The first step in praying with genuine humility is coming to know and love God as His creature; that is, acknowledging and accepting that we are made beings, beings made in His image and likeness and re-made in Christ through the Holy Spirit. Man was created from dirt with the breath of God – body and soul. Remembering that we are dirt and that we will return to dirt, and living out that memory, is what it means to be humble. Genuine humility makes it possible for us to get out of our own way and receive all that God has to give us. We set aside our wants, our perceived needs. We set aside the need to control our lives and the lives of others. We give up the lie that we know what's best for us and ours. Above all, we accept that our end – our target – is not in this world or of this world. We are here temporarily, and nothing we do, say, think, or feel will last long after we die. So while we are here, our task is bear witness to the mercy of God, giving testimony from our own lives how He has made us His heirs, His children, through Christ Jesus. Our adoption into the Holy Family is a gift not a reward for good behavior or right-thinking. But a freely offered gift that we freely receive or freely reject. Prayer is our means of giving thanks and growing in humility.
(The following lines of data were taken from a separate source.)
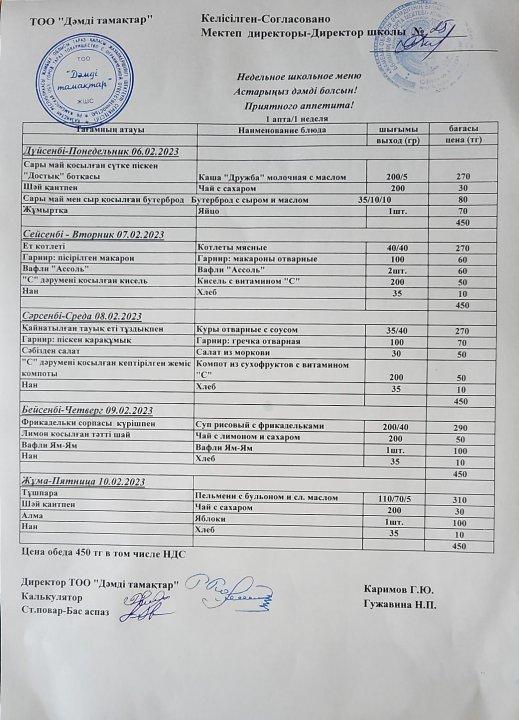 Ас мәзірі. 06.02. - 10.02.2023 ж. апталық ас мәзірі.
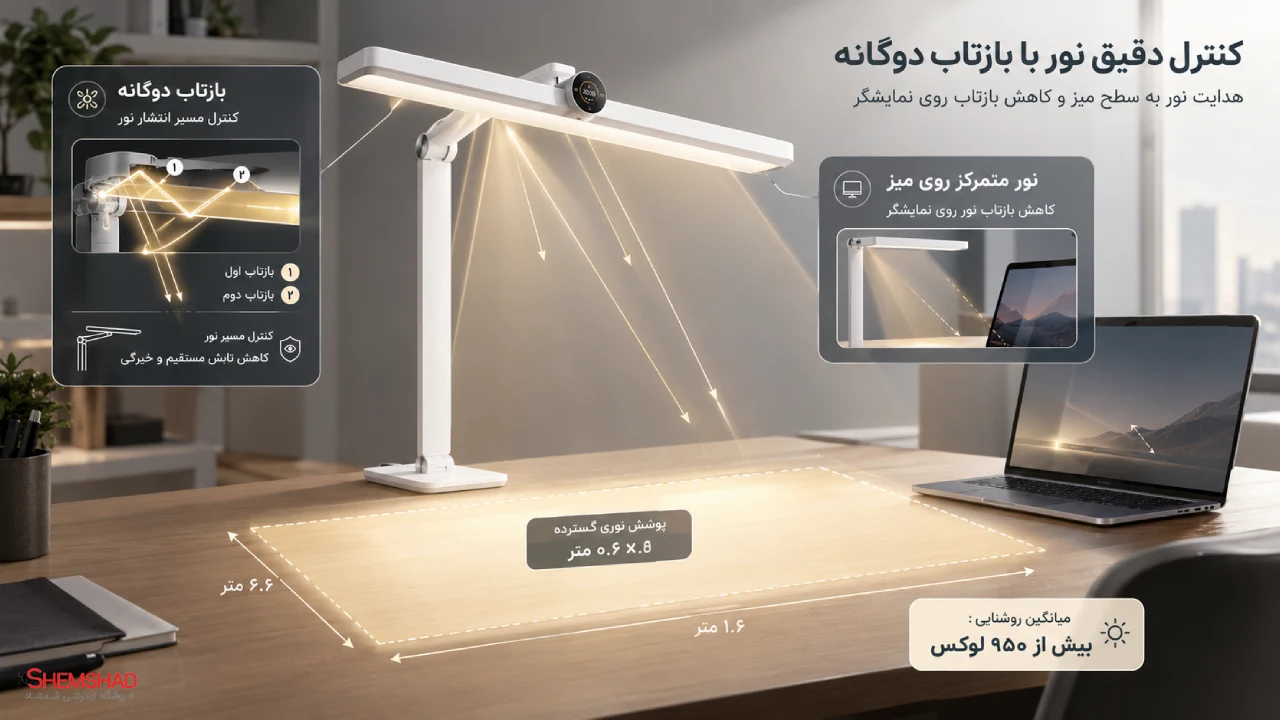 کنترل دقیق نور با سیستم بازتاب دوگانه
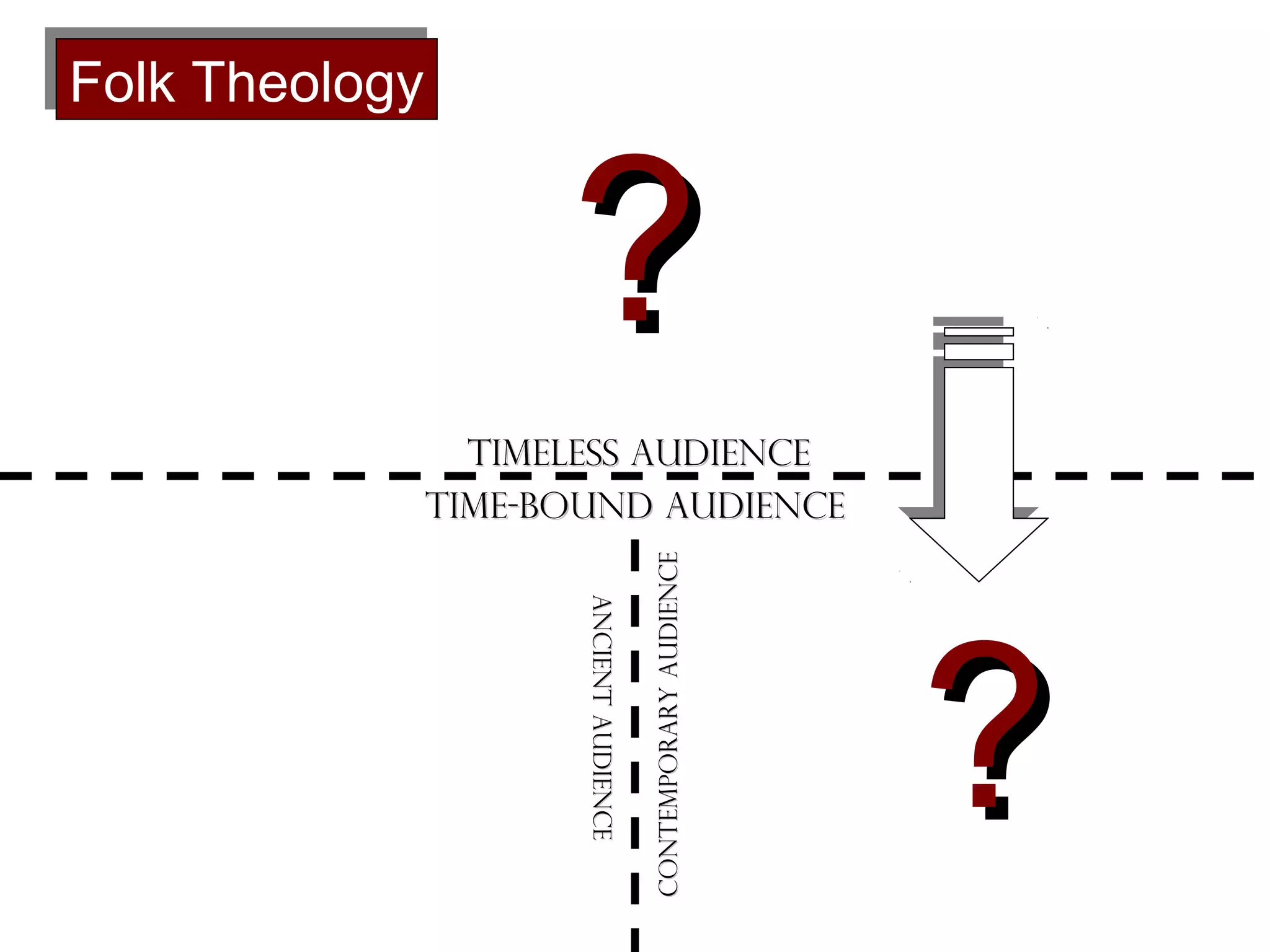 ?
Timeless Audience
Time-bound Audience
Ancient Audience
Ancient Audience

Contemporary Audience

Folk Theology
Folk Theology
The second step in praying in humility is coming to know and love all of God's creation, especially His sons and daughters, our brothers and sisters in Christ. The self-righteous Pharisee fails to love the tax-collector, judging him to be “greedy, dishonest, adulterous.” How does the Pharisee make this judgment? He says, “I fast twice a week, and I pay tithes on my whole income.” In our self-righteousness, we might say, “I attend daily Mass. Go to confession once a week. Pray the rosary twice a day. And serve on the parish council.” So??? None of this makes you or me righteous. If we attend Mass, go to confession, pray the rosary, and serve on the parish council in order to be seen, to be noticed by the greedy, dishonest, and adulterous sinners who don't deserve God's mercy, then our humility is suffocated by self-righteousness, and we pray to ourselves not to God. To know and love all of God's creation, especially our brothers and sisters in Christ, is not about calling sin good. It's about seeing in them and ourselves the desperate need for God's mercy and offering to them (and ourselves) the witness we all need to come out of sin and to surrender ourselves to Divine Love. The humble pray knowing they are sinners.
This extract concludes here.